Cette présentation sommaire des différentes théories permet de constater qu’il est impossible de se
fier de manière absolue à l’une ou l’autre. Une combinaison entre différentes théories peut probablement
apporter des solutions plus appropriées. Ceci étant, la jurisprudence fait néanmoins souvent application
de l’une des théories pour opérer les distinctions et décider si l’activité est commerciale ou non.
Chapitre II. Classification des actes de commerce
Ces actes sont énumérés aux articles 6 et 7 du code de commerce. Ils sont liés à 21 activités ( ajout
de la domiciliation - 19ème activité dans art.6 - par la loi n¨89-17 du 09/01/2019 modifiant et complétant la
loi n¨15-95 formant code de commerce) . Le code se contente de présenter les activités dont l’exercice
habituel ou professionnel permet d’acquérir la qualité de commerçant. En ce sens, le législateur s’est
référé à des activités parce qu’il considère que le recours à des actes de commerce isolé est rare dans la
pratique. Les actes de commerce sont en principe liés à des activités commerciales. Ceci est d’autant plus
vrai que les articles 6, 7 et 8 lient l’acquisition de la qualité de commerçant à l’exercice habituel ou
professionnel de l’activité commerciale. Ce qui suppose une répétition et une continuité.
En raison de la nature et des particularités des relations commerciales, le législateur a évité de
présenter une liste limitative des activités dont l’exercice peut conférer la qualité de commerçant. Il a
traduit son choix en insérant l’article 8 qui a été consacré aux activités assimilées. Ainsi a-t-il considéré
que « la qualité de commerçant s’acquiert également par l’exercice habituel ou professionnel de toutes
activités pouvant être assimilées aux activités énumérées aux articles 6 et 7 ci-dessus ». D’autres activités
exercées de manière habituelle ou professionnelle, mais non prévues par le code, peuvent donc permettre
l’acquisition de la qualité de commerçant. Il appartient à la jurisprudence de déterminer, en faisant appel
aux critères économiques et juridiques, si l’activité concernée est une activité commerciale ou non.

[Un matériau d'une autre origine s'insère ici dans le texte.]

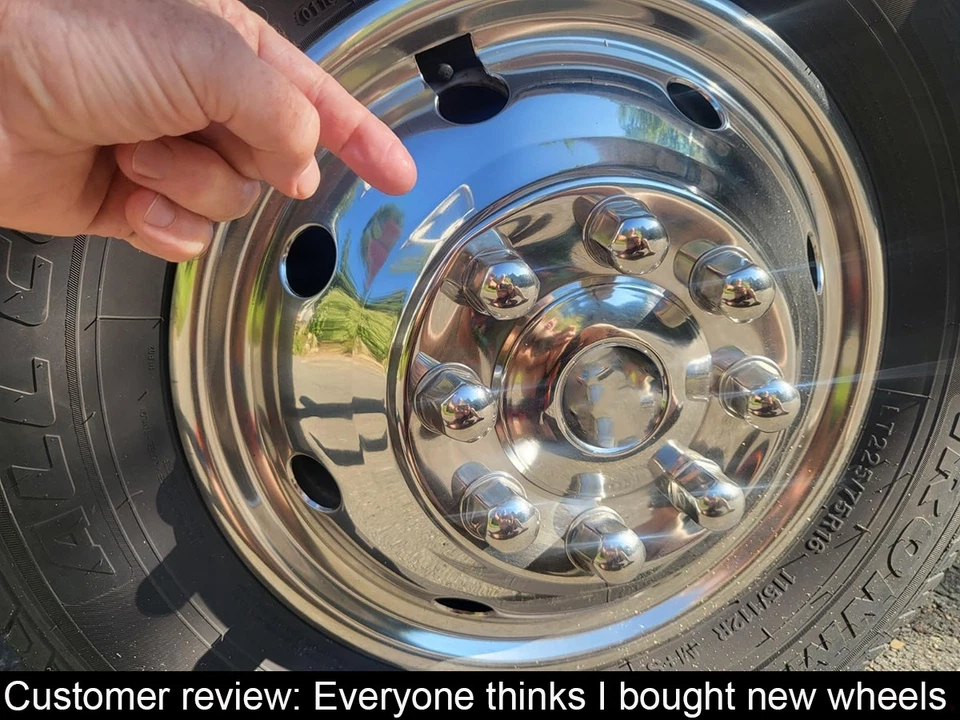 Ford E350 E450 Van RV 16" Dual Wheel Simulators Hub Caps Dually Rim Skins Covers Foto 4 de 4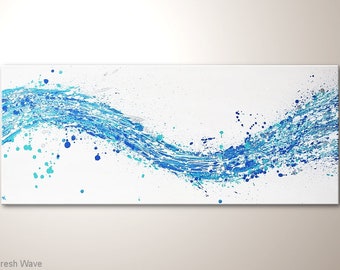 Abstract Painting "Fresh Wave" Living Room decor, Bedroom Wall Art on Canvas, Fine Art Wall Hanging, Above Bed, Original Blue White Silver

Il est possible de répartir les activités énumérées aux articles 6 et 7 en trois catégories :
a. L’extraction
L’extraction constitue un point de départ dans le processus de circulation des richesses. L’article
6, alinéa 4, a limité ces activités à ¨la recherche et l’exploitation des mines et des carrières¨.
Pendant longtemps, l’extraction a été exclu par la doctrine et la jurisprudence du cadre des
activités commerciales12. Différentes considérations ont justifié cette position :
- Absence d’une opération d’achat des produits concernés.
- Les produits concernés sont liés à la terre qui est considérée comme un immeuble, et les opérations
portant sur des immeubles sont civiles13.
Ces considérations ont été abandonnées. L’extraction fait aujourd’hui appel à des moyens humains
et matériels importants. Elle repose sur la spéculation, et s’organise dans le cadre d’une entreprise.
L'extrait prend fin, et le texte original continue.